We weight the KL divergence between the distributions by weights \(w_k=1\) for \(k<c\) and \(w_k=(1-\gamma)^{-1}\) for \(k=c\). We further denote \(\bar w=\sum_{k=1}^c\gamma^{k-1}w_k\), which normalizes all weights so that they are summed to one.
Nachum et al. interpret \(K\) as the conditional \(P(state=s’\vert repr=\varphi(s,a))\) of the joint distribution \(P(state=s’)P(repr=z\vert state=s’)={1\over Z}\rho(s’)\exp(-D(f(s’),z))\) for normalization constant \(Z\). In this way, we may regard \(P(repr=z\vert stat=s’)\) as a Boltzmann distribution with input logits \(-D(f(s’),z)\). However, although Nachum et al. claim \(K\) is designed for a reason, to my best effort, I still cannot find any evidence in their proof. But as we will see later here and here, by designing \(K\) in this way, we could align the representation learning to MINE and present a nice interpretation based on PGM.
The sub-optimality of \(\Psi\) measures the loss, in terms of expected value, of using policy \(\Psi\) against the optimal policy. Formally, it is defined as the maximum value difference between the optimal policy \(\pi^*\) and the hierarchical policy \(\pi^{hier}\) learned through \(\Psi \), i.e., \(\mathrm{SubOpt}(\Psi)=\sup_sV^{\pi^*}(s)-V^{\pi^{hier}}(s)\).
The lower-level objective can also be transformed into a KL

\[\Psi(s_t,\varphi(s_t,\bar\pi))=\underset{\pi}{\arg\min}\sum_{k=1}^c\gamma^{k-1}w_kD_{KL}(P_{\pi}(s_{t+k}|s_t)\Vert K(s_{t+k}|s_t,\bar\pi))\tag {4}\]

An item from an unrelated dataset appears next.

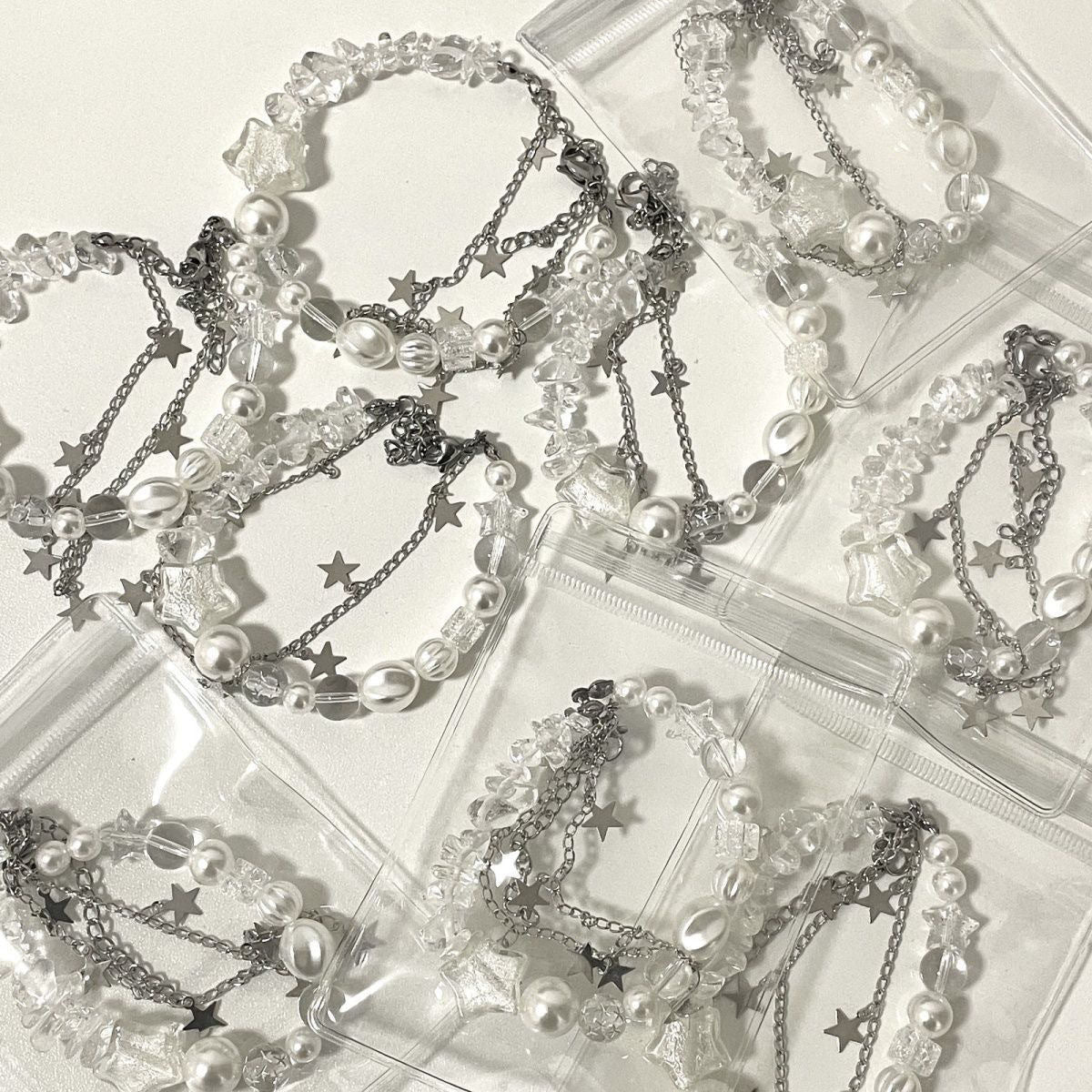 Beaded Pearl Star Bracelet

where we replace \(g\) in Eq.\((3)\) with \(\varphi(s_t,\bar\pi)\) and \(\bar\pi\) denotes a fixed policy from which the inverse goal model produce \(g\). In fact, Eq.\((4)\) is identical to the LHS of Eq.\((2)\), which brings us a nice explanation for the correlation between policy optimization and representation learning. We will come back to this in Discussion.

Put All Together

Now we develop some intuition on Claim 4. Claim 4 equally says that if we have the representation learning function \(f\) and inverse goal model \(\varphi\) minimizes the following loss

\[\begin{align} \underset{f,\varphi}{\arg\min}{1\over \bar w}\sum_{k=1}^c\gamma^{k-1}w_kD_{KL}(P_{\pi}(s_{t+k}|s_t)\Vert K(s_{t+k}|s_t,\pi)) \tag {2}\\\ where\quad K(s_{t+k}|s_t,\pi)\propto\rho(s_{t+k})\exp(-D(f(s_{t+k}),\varphi(s_t,\pi))) \end{align}\]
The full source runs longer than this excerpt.